__Work to complete__
Restate the data below word for word, and let no image into your version.

__Dataset content__
━━━━━━━━━━━━━━━━━━━━━━━━━━━━━━

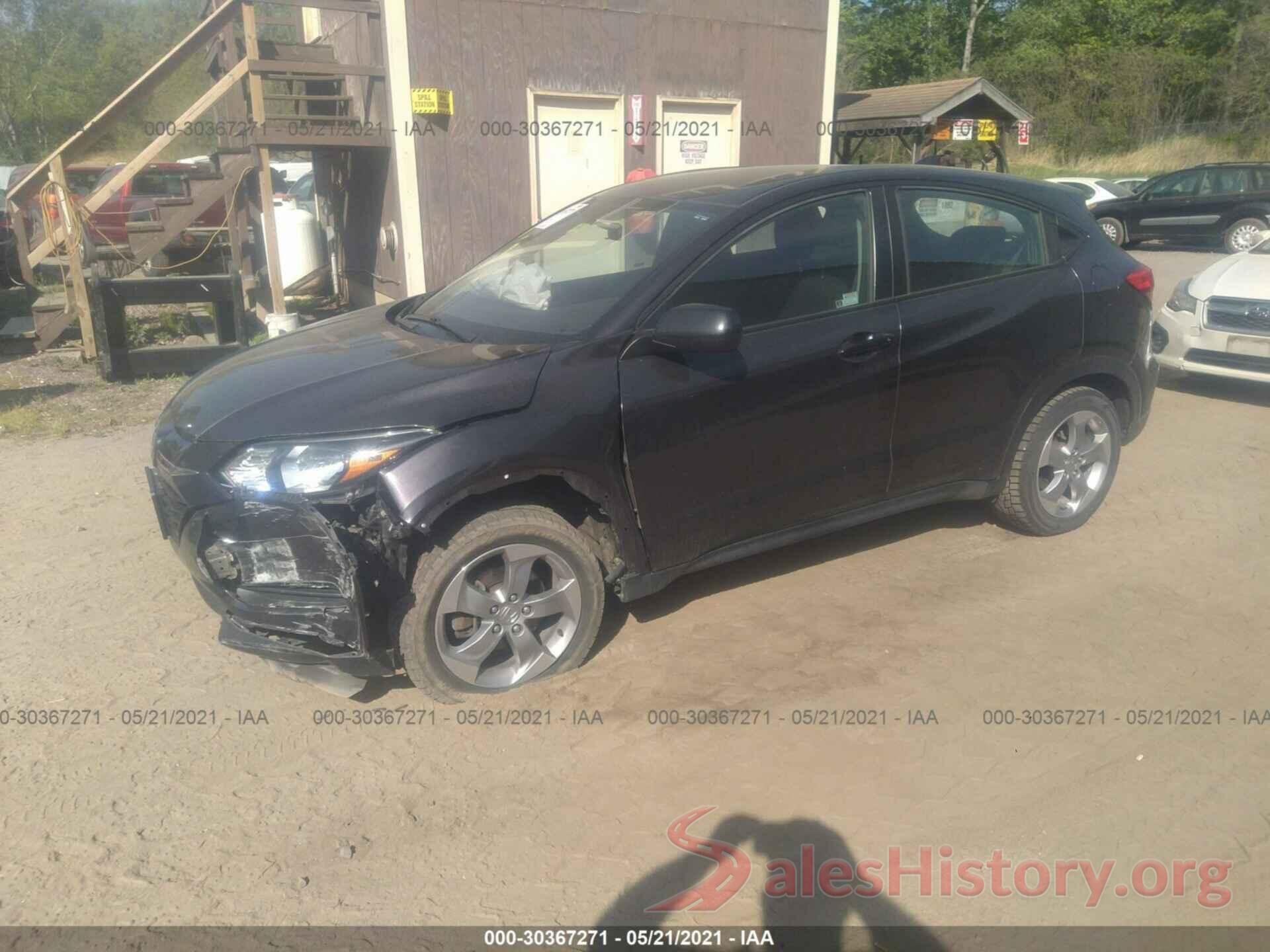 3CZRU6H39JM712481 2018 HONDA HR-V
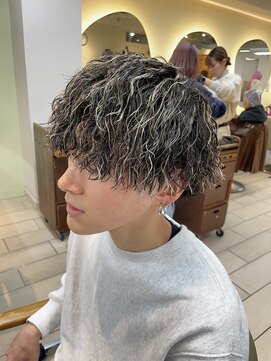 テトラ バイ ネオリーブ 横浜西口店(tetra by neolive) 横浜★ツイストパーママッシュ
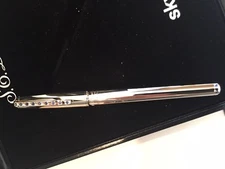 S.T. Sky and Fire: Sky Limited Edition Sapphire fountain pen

━━━━━━━━━━━━━━━━━━━━━━━━━━━━━━

__Answer section__
 3CZRU6H39JM712481 2018 HONDA HR-V
 テトラ バイ ネオリーブ 横浜西口店(tetra by neolive) 横浜★ツイストパーママッシュ
 S.T. Sky and Fire: Sky Limited Edition Sapphire fountain pen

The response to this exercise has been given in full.